Scraped caption text data
──────────

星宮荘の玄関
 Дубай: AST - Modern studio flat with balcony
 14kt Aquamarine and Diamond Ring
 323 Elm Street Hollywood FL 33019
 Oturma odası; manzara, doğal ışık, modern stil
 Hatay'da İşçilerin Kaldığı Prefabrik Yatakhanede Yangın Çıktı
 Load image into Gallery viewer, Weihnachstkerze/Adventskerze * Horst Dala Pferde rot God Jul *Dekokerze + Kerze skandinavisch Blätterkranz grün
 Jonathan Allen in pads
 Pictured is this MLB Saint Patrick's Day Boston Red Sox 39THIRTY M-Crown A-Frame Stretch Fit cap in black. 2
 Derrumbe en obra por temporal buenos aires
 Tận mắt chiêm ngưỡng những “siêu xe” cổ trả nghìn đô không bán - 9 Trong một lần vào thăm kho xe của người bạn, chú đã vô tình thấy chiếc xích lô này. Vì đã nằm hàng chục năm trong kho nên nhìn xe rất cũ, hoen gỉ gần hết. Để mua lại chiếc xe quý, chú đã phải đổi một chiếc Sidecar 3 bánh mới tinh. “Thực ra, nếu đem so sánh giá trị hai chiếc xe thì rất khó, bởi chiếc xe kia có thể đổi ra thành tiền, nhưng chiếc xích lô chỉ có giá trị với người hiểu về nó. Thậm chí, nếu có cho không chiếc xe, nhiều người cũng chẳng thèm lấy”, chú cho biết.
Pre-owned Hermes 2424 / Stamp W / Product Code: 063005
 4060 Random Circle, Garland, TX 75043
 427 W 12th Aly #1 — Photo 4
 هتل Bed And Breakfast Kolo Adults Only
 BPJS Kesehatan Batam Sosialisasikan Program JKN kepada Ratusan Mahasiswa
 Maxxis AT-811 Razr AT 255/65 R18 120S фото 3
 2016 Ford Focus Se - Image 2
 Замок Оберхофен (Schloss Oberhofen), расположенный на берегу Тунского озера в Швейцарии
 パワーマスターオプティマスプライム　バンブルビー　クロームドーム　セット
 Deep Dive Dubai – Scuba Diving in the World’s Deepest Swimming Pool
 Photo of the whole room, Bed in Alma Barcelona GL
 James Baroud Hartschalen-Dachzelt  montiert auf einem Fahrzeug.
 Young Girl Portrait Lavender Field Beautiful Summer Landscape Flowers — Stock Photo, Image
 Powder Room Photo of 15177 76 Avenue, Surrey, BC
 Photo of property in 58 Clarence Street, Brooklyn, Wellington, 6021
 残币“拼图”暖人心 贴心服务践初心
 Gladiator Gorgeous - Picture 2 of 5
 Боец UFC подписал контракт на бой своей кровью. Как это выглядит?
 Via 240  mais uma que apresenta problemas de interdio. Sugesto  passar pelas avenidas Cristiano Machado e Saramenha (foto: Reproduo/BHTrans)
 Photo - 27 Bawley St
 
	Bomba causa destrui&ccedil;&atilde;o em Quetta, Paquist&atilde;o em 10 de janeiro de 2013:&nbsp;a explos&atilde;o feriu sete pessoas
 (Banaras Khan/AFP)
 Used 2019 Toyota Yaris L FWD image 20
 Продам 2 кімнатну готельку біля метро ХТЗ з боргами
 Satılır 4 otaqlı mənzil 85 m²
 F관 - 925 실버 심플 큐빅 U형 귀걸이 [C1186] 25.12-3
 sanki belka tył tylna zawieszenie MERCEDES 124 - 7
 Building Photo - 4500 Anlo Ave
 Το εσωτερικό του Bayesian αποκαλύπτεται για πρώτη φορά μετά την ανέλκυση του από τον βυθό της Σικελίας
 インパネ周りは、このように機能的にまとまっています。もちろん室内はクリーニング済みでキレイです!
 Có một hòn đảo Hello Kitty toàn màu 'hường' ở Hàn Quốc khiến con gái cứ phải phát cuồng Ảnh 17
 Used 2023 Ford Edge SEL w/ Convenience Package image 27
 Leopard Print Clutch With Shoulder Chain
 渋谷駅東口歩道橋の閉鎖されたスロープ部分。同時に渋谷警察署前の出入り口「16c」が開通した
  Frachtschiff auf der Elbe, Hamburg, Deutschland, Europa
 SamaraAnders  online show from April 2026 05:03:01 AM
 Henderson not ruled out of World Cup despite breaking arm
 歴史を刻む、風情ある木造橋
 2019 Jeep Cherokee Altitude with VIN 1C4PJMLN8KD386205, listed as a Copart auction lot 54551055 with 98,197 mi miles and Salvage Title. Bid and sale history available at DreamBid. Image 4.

──────────

◆ Assigned task:
Where the line with "Hatay'da İşçilerin Kaldığı" ends, your copy should end too; please return exactly the lines from the first line of the data through it.

◆ Answer for the task:
星宮荘の玄関
 Дубай: AST - Modern studio flat with balcony
 14kt Aquamarine and Diamond Ring
 323 Elm Street Hollywood FL 33019
 Oturma odası; manzara, doğal ışık, modern stil
 Hatay'da İşçilerin Kaldığı Prefabrik Yatakhanede Yangın Çıktı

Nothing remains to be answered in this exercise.